The Cliff in Lambda Calculus

Most AI benchmarks have a contamination problem. The test sets overlap with training data, or models pattern-match on surface features, or enough similar problems appeared in the pretraining corpus that high scores carry limited information about the underlying mechanism. Victor Taelin — the developer behind HVM and Interaction Calculus — designed LamBench with this in mind: 120 problems written in Lamb, a minimal pure lambda calculus language with named definitions that is almost certainly underrepresented in training data.

The setup is strict. Each problem gives a natural-language description, an encoding scheme (Church numerals, Scott lists, and so on), and a set of test cases. The model writes a .lam program that defines @main, and the harness normalizes it against every test case. There is no partial credit, no rubric, no human judgment: either the term beta-reduces to the expected output or it doesn’t. As one observer noted in the ensuing discussion, “you can’t really vibe your way through beta-reduction.”

The results across 22 models show not a gradient but a step function. GPT-5.1, Opus 4.5, and Sonnet 4.5 all score 0 out of 120. There isn’t a single correct program among them across all three — not an easy Church arithmetic implementation, nothing. Then there’s a large jump: Sonnet 4.6 enters the picture at 87/120 (72.5%), followed by GPT-5.2 at 88/120 (73.3%) and GPT-5.5 at 89/120 (74.2%). At the top, GPT-5.3 Codex and Opus 4.6 both land at 108/120 (90%), with Opus 4.7 and Gemini 3.1 Pro at 106/120 (88.3%).

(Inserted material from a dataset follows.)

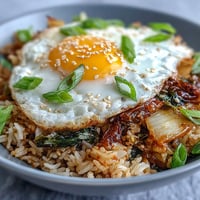 Vibrant kimchi cabbage fried rice topped with a sunny-side-up egg.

That 0-to-72% jump is the most interesting feature of the leaderboard. It doesn’t look like smooth scaling — it looks like a qualitative capability that appeared with a specific model generation and was absent before it. This is consistent with what has been observed elsewhere: on symbolic reasoning tasks, capability sometimes arrives in a step rather than a slope. The models that score zero apparently can’t represent the required term structure at all, even on the simplest problems like add for Church-encoded naturals.

A few other numbers are worth noting. DeepSeek V4 Pro, just released, scores 45.8% — placing in the middle of the pack, well behind the frontier. Qwen 3.6 Plus hits 47.5%. Grok 4.20 and DeepSeek V4 Pro tie at 45.8%. These are not weak models, but lambda calculus programming in an unfamiliar language exposes gaps that coding benchmarks over Python and C++ might not.

The 10% gap at the top is also real. GPT-5.3 Codex and Opus 4.6 fail 12 problems each. The benchmark includes genuinely hard material in its algorithm category — a BF interpreter, a convex hull, a SAT solver, a type checker, a Sudoku solver, a TSP — all written in pure lambda calculus without built-in data types. Some of those may be hard in the same way competitive programming problems are hard: the framework is understood but the specific term construction requires significant search.

LamBench is tiny. 120 problems, one language, one domain. It doesn’t measure broad language understanding or coding ability in general. What it does measure is something specific: the ability to implement algorithms in a formal system where every construct must be built from scratch using only function abstraction and application. The models that score well on it have demonstrated an ability to work in the lambda calculus’s symbolic world — to think in terms of normal forms rather than familiar patterns. Given how little of the training data is likely to cover Lamb programs, high scores here are a meaningful signal.

Taelin hasn’t published a category-level breakdown yet, which would be the obvious next step — knowing whether failures cluster in the algorithm category or appear uniformly would say something about where exactly the ceiling is.